Set down only the lines from the one containing "New 2025 Ford" through the final line of the entries below, exactly as they stand, with no pictures.

● Dataset records
* * * * * * * * *
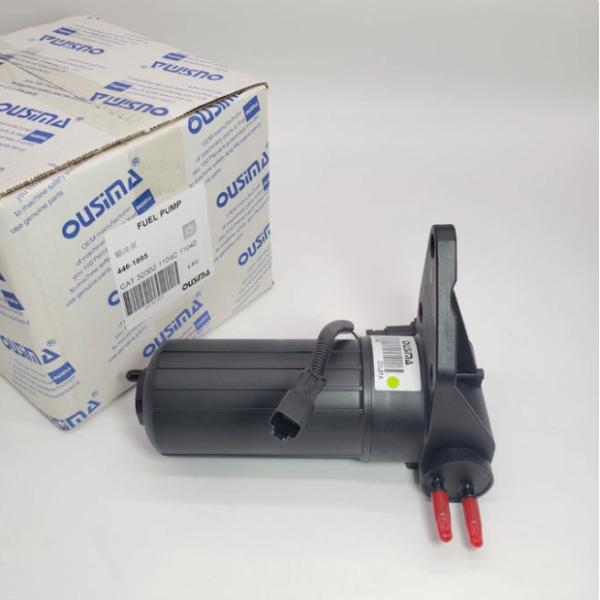 4132A021 Electronic Fuel Pump For CAT E312D2 E320D2 E323D2 Perkins Electric Fuel Transfer Pump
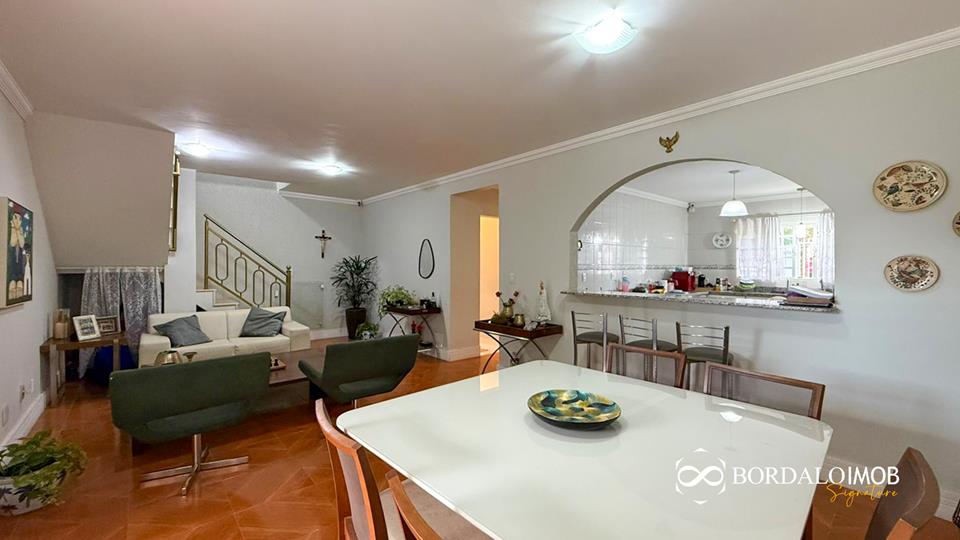 Condomínio JK Antares - Casa com 4 Quartos Vista Livre Jardim com Árvores Frutificas - Foto 8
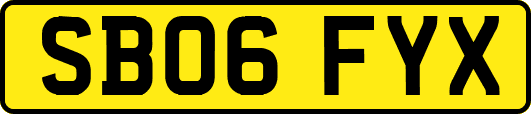 SB06FYX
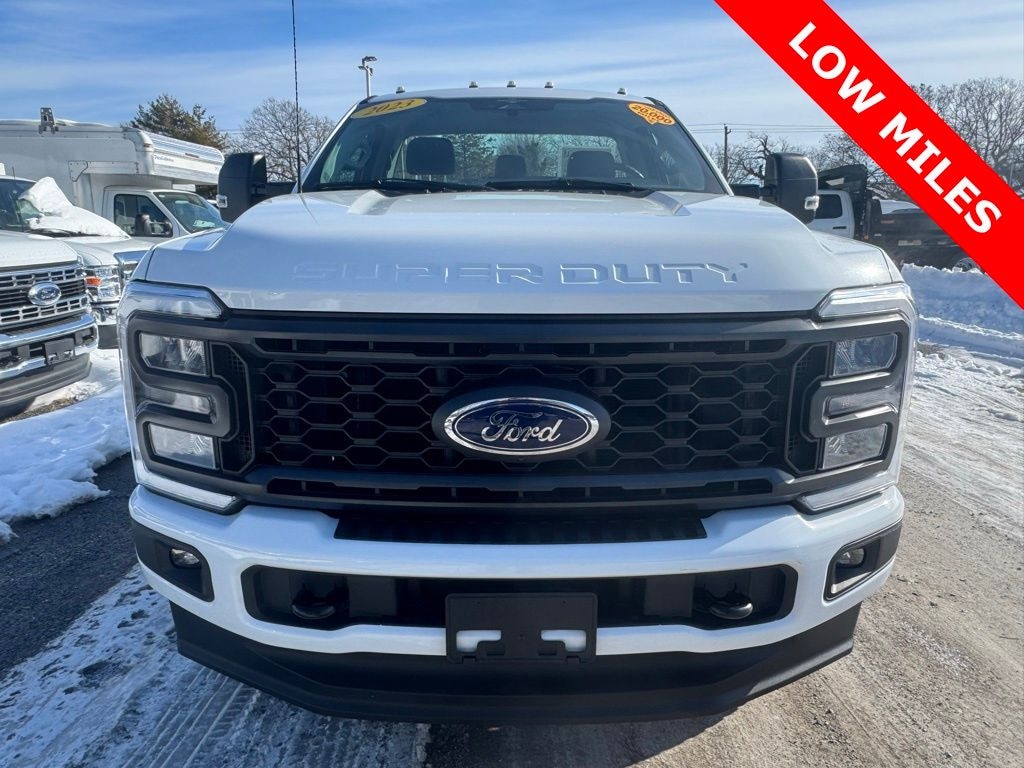 Certified 2023 Ford F-250 XL Truck Regular Cab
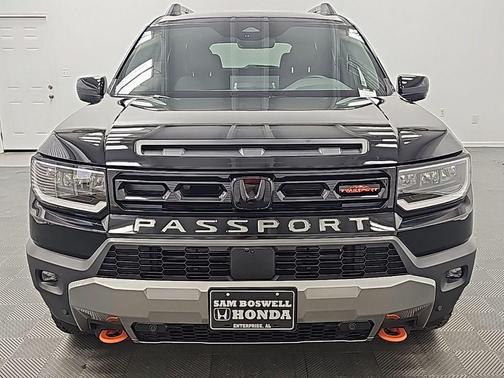 2026 Honda Passport AWD TrailSport Elite Blackout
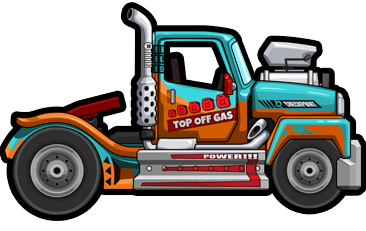 Racing Truck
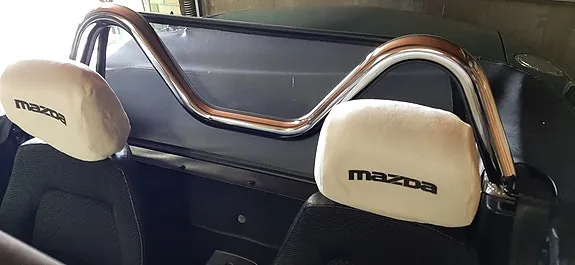 Mazda Mx-5 1997 photo 5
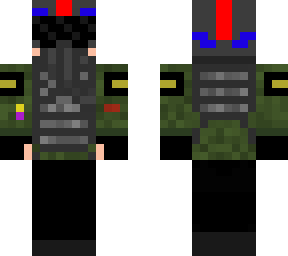 fighter pilot
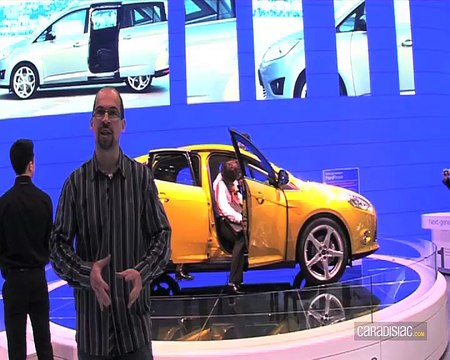 Les incontournables du salon de Genève 2010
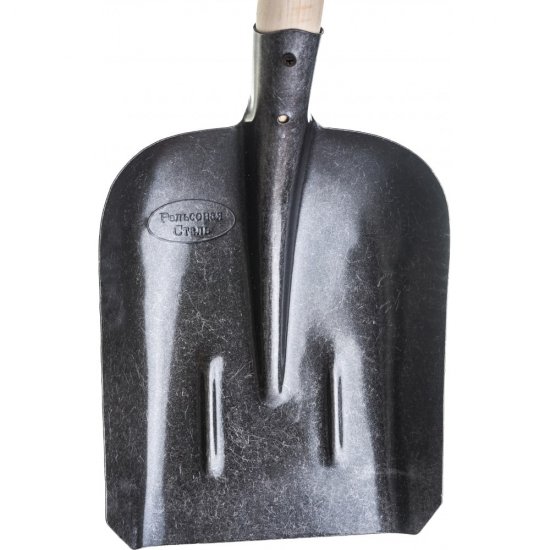 Совковая рельсовая лопата Gigant GSS-01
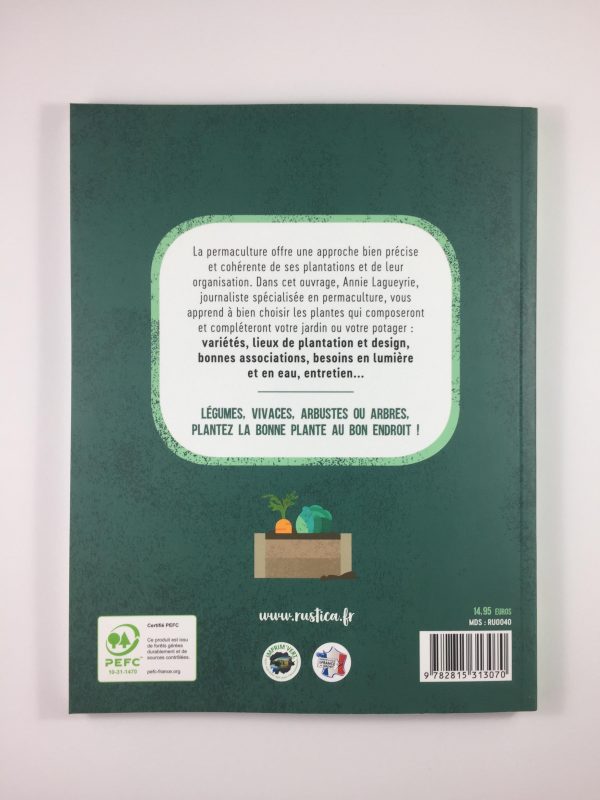 Quelles plantes choisir en permaculture? Légumes, plantes vivaces, arbustes ou arbres – Image 2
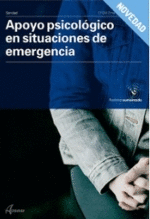 APOYO PSICOL�GICO EN SITUACIONES DE EMERGENCIA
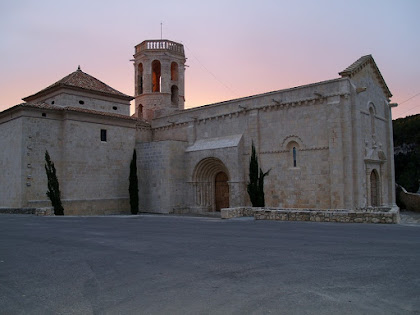Església de Santa Maria de Sant Martí Sarroca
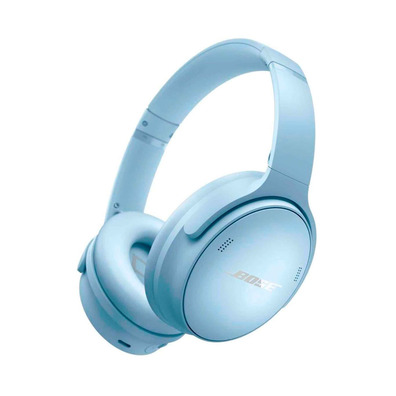 Bose QuietComfort Cuffie Moonstone Blu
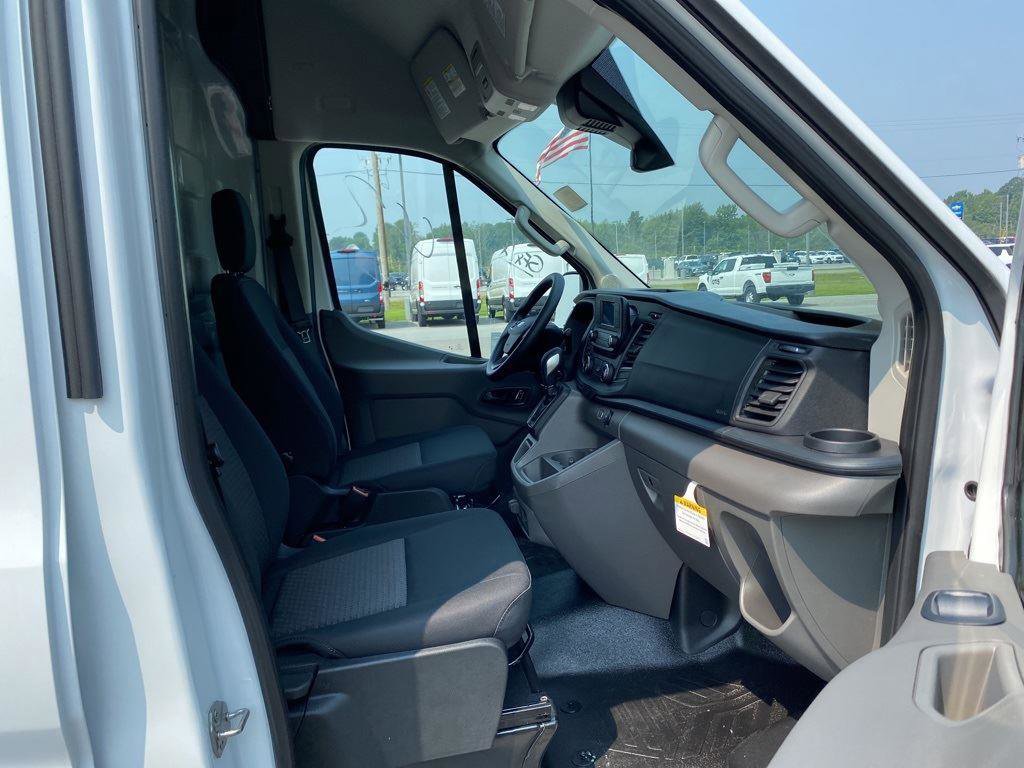 New 2025 Ford Transit 350 148 High Roof Extended w/ Load Area Protection Package RWD image 21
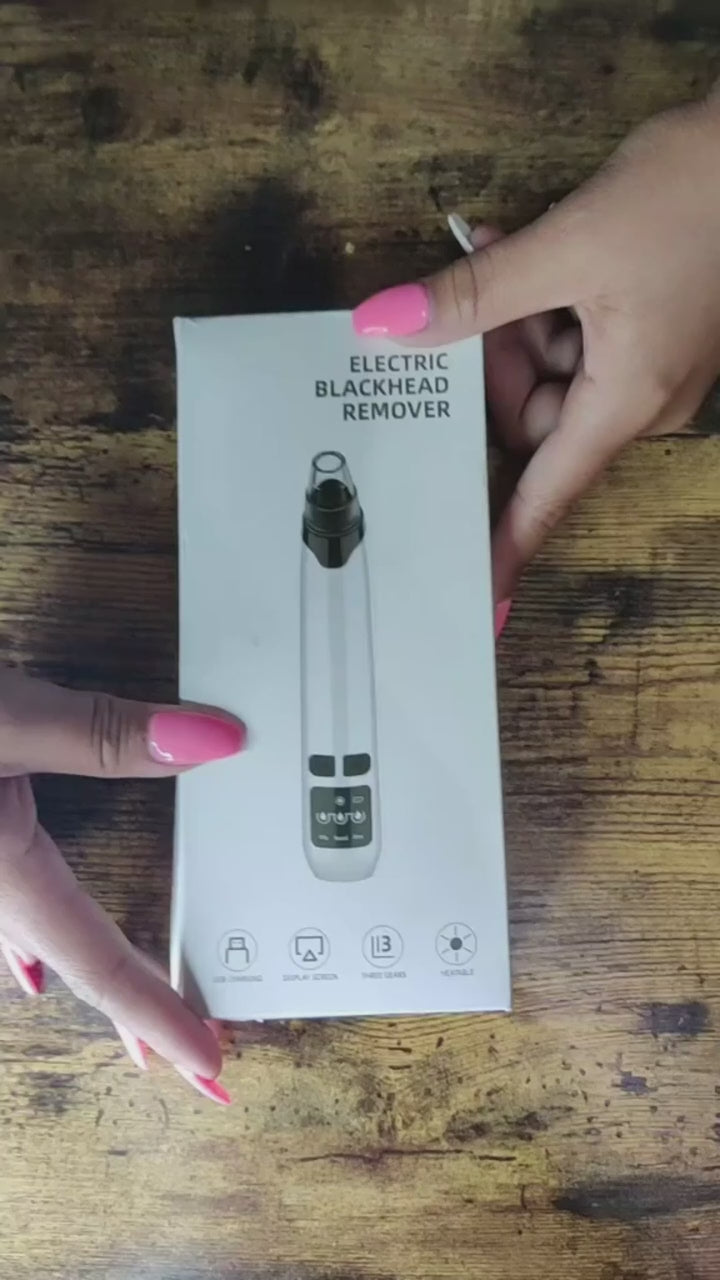 Face Vacuum Suction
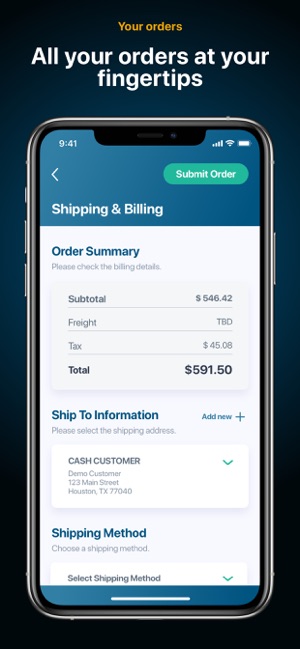 DXP Enterprises, Inc.(圖6)-速報App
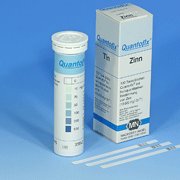 QUANTOFIX test strips Tin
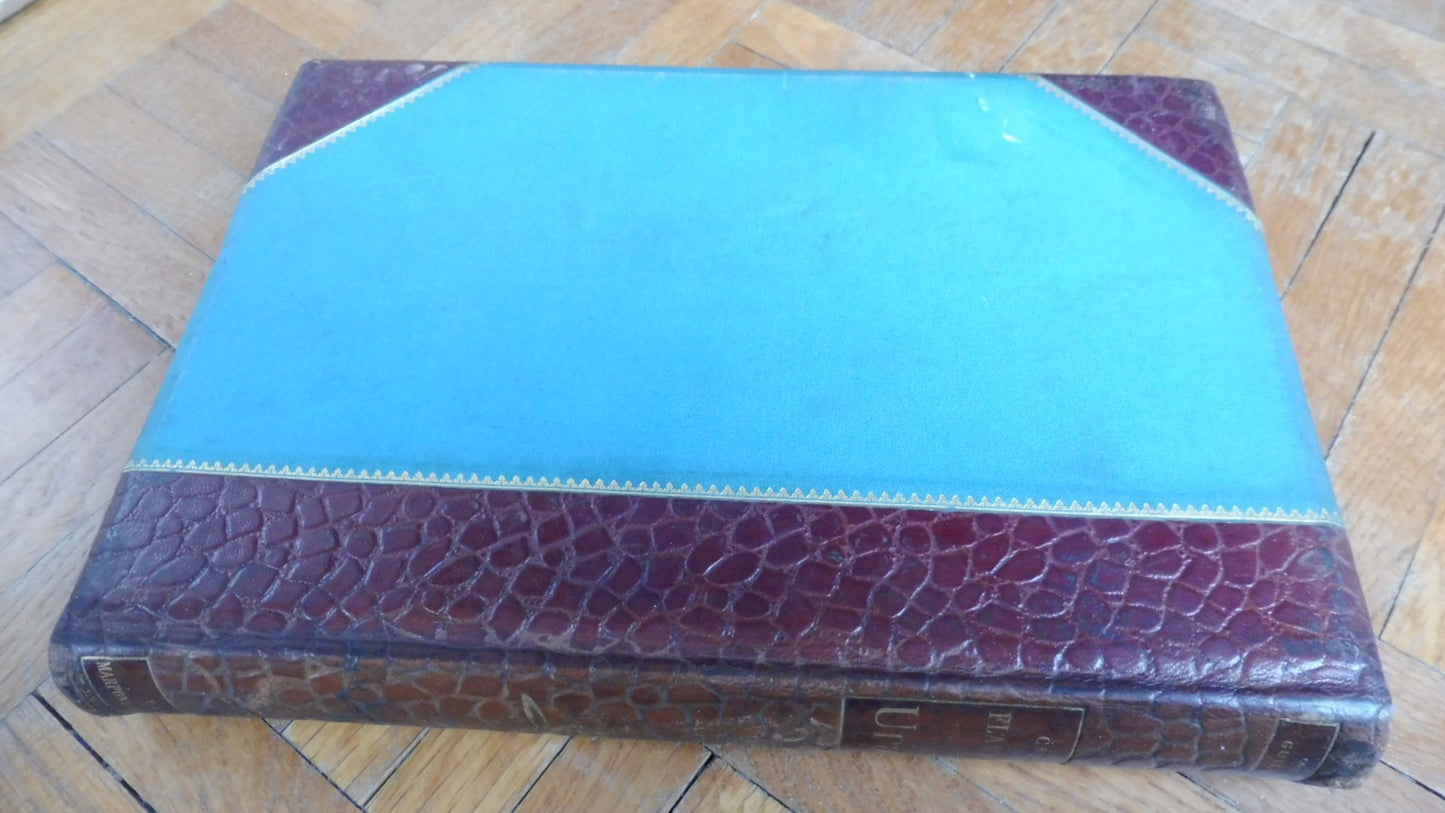 Uranie (Camille Flammarion) 1889 illus. Bieler, Gambard et Myrbach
* * * * * * * * *
● OUTPUT OF THE TASK
 New 2025 Ford Transit 350 148 High Roof Extended w/ Load Area Protection Package RWD image 21
 Face Vacuum Suction
 DXP Enterprises, Inc.(圖6)-速報App
 QUANTOFIX test strips Tin
 Uranie (Camille Flammarion) 1889 illus. Bieler, Gambard et Myrbach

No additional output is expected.